My guys did just fine when they spent a few days with another member here. So a new envornment so long as he still has his belongings that smell like him, wont be too stressful.


----------



## OneTwoThree (Jan 5, 2012)

I've left home for a couple weeks at a time on vacation, last time I did option 2 and it worked out really well. However, both my buns have their own large pen,like 6x8ft sq ish. I have 2 xpens that I connected to the walls and made as big as possible. So they had a reasonable amount of space, and then my best friend would come over daily and give them loves and feed them greens, check their water etc. It worked out really well, they weren't stressed about being at a new place and I was comfortable calling whenever to see how they were hah. I wouldn't leave them there if they only had a small cage though, they need more play time.


----------



## MiniLopHop (Jan 5, 2012)

When we go on vacation we have a pet friendly (he has a dog) neighbor come over to take care of everyone. Since he is just next door he comes twice a day. I leave instructions and portion out the food so it's easy. We leave vet numbers and a credit card just in case. My buns are housed by pairs in two rooms, so they have plenty of room to run around and have each other for company. I would have him turn the radio and lights on during the day and off at night because that is what they are used to.

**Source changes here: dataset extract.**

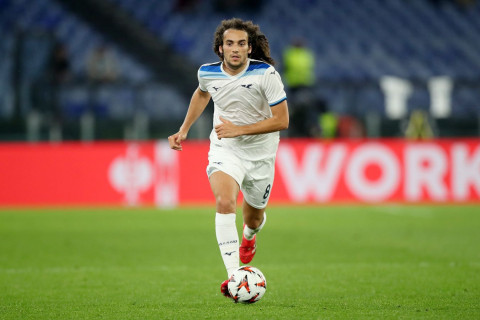 "Фенербахче" работает над трансферами игроков "Милана" и "Лацио"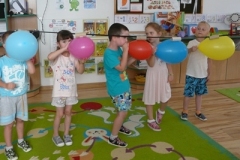 dzieci dmuchają balony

Do you have anyfriends or family that would be willing to stop in? Perhaps if they split it up then it wouldn't be over whelming for anyone?


----------



## Nancy McClelland (Jan 5, 2012)

We have a relative come over and take care of everything--since I'm his landlord, he does pay attention--something to do with raises and wanting to live, I think!


----------



## LakeCondo (Jan 5, 2012)

3, with xpen set up on linoleum AND daily food in separate baggies. And in one week there probably won't be a reason for picking up.


----------



## missyscove (Jan 6, 2012)

When we recently all went out of town, we left Timmy with my grandmother. She used to have cats and a small dog and is now petless but she seemed to enjoy having Timmy. We left him in an older small cage we had (about 2 feet x 1.5 feet) with food bagged into daily portions and his litterbox. All she had to do was clean the box a bit and dump the food in and refill his water bottle. She really enjoyed having him and at one point even said "I'd like to take him out and put him on my lap to watch TV" but we told her Timmy wasn't much of a lap bunny. While we did leave his carrier with her in case of emergency, she never actually had to pick him up. Yes he was in a small cage for a week without much exercise, but overall that was the safest option for him. He's also not all that active anyway, more of a slow-moving bun than Fiona was.


----------



## SOOOSKA (Jan 6, 2012)

I went away over Xmas for 4.5 days. I hired a Pet sitter, I got her card from my Vets. She actuallyhad bunnies when she was younger She was excellent. 

I did have all their breakfasts and dinners bagged and named for her. I wrote3 pages of things that should be done or to watch for. I also called the Vets to give them permission should she need to take them there.

She cut Winston's nails (honestly I have no idea how she did it alone) and noticed that one of his front paws had sores and no fur on the underside. I took him to the Vet, she gave me (no charge antibiotic that she had left over from her bunny) Now his foot is all better.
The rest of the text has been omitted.